Parallel dazu wird auf globaler Ebene ein Abkommen über Handelserleichterungen vorbereitet, das Ende 2013 auf der 9. Ministerkonferenz der Welt-handelsorganisation (WTO) verabschiedet werden soll. Dabei geht es um nicht-monetäre Maßnahmen, also um alles außer Zölle und Abgaben. Im Vordergrund steht der sogenannte Bürokratieabbau mit dem Ziel, die beim internationalen Handel anfallenden Kosten zu senken. Das ist eine Schlüsselforderung der Industrieländer im Interesse ihrer Konzerne. Viele arme Entwicklungsländer fürchten, mit einem multilateralen Vertrag Verpflichtungen z.B. zur Privatisierung von Infrastruktureinrichtungen und auch für die weitere Öffnung ihrer Agrarmärkte usw. einzugehen, die sie später nicht so einfach erfüllen könnten.
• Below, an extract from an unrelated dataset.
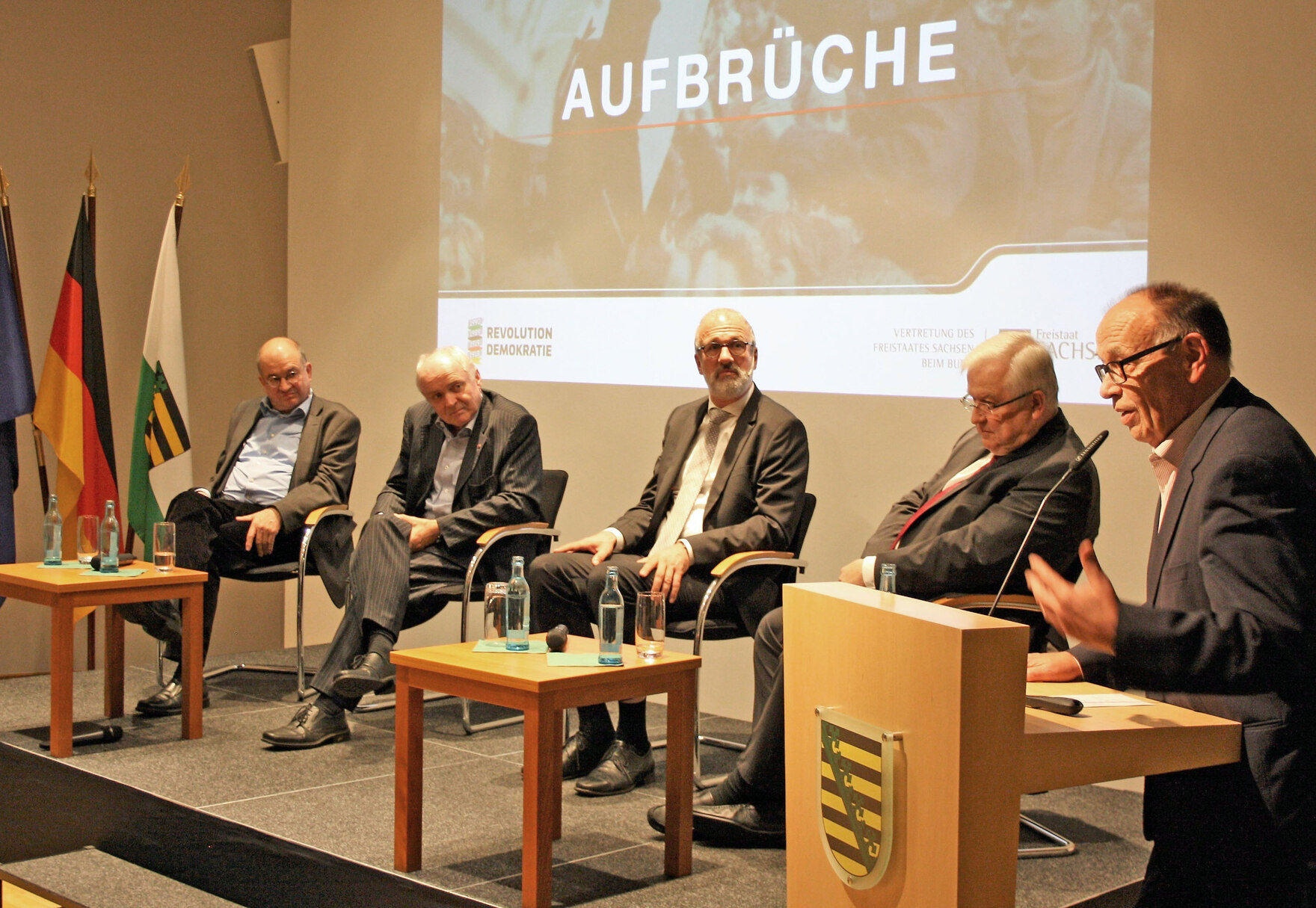 Gezeigt wird die Präsentation der Dokumentarfilms in der sächsischen Landesvertretung in Berlin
Zweitens: Generell ist die Ökonomenzunft gut beraten, von Zeit zu Zeit als ehern geltende Lehrsätze auf den Prüfstand zu stellen, die Annahmen mit den Gegebenheiten der Gegenwart und mit Herausforderungen der Zukunft abzugleichen. Das soll hier anhand des Ricardo’schen Freihandels-Theorems geschehen, das Generationen von Wirtschaftsstudentinnen und -studenten in der westlichen Welt wie ein Bibelsatz eingehämmert wurde und das bis heute als religiöse Wahrheit gilt. In meinem Außenhandelsstudium in der DDR hatte der Lehrsatz in den Fächern „Geschichte ökonomischer Lehrmeinungen“ und „Außenhandelstheorie“ ebenfalls seinen Platz, verbunden damit, was daran bereits von Karl Marx kritisch beurteilt worden war. So die Unterstellung, dass nur "Produkte gegen Produkte ausgetauscht werden" und es daher keine Überproduktion geben kann. Zudem hatte Marx auf die einseitige Bereicherung der „Mutterländer“ zulasten der abhängigen Länder bzw. Kolonien verwiesen.
Drittens: Ernst zu nehmen gilt es, dass sich mit zunehmender, durch die Freihandelslehre befeuerter internationaler Wirtschaftsverflechtung neue, von der profitgesteuerten Ökonomie ausgehende politische Konfliktherde entwickeln können.
Das gewählte Thema birgt also auch Aufklärungspotenzial, ja, Potenzial für die „ökonomische Alphabetisierung der Massen“, um eine Metapher des französischen Soziologen Pierre Bourdieu zu bemühen. Fragen des Handels sind, wie ich finde, bisher viel zu wenig Gegenstand politischer Bildung.
Auf längere theoretische Erörterungen wird an dieser Stelle verzichtet. Dazu gibt es umfangreiche Literatur. Das Hauptaugenmerk gilt dem aktuell-praktischen Umgang mit dem Freihandelsdogma, dem uneingelösten Wohlstandsversprechen für alle sowie dem Spannungsverhältnis zwischen einzel-wirtschaftlichem Nutzen und gesamtwirtschaftlichem Effekt des auswärtigen Handels.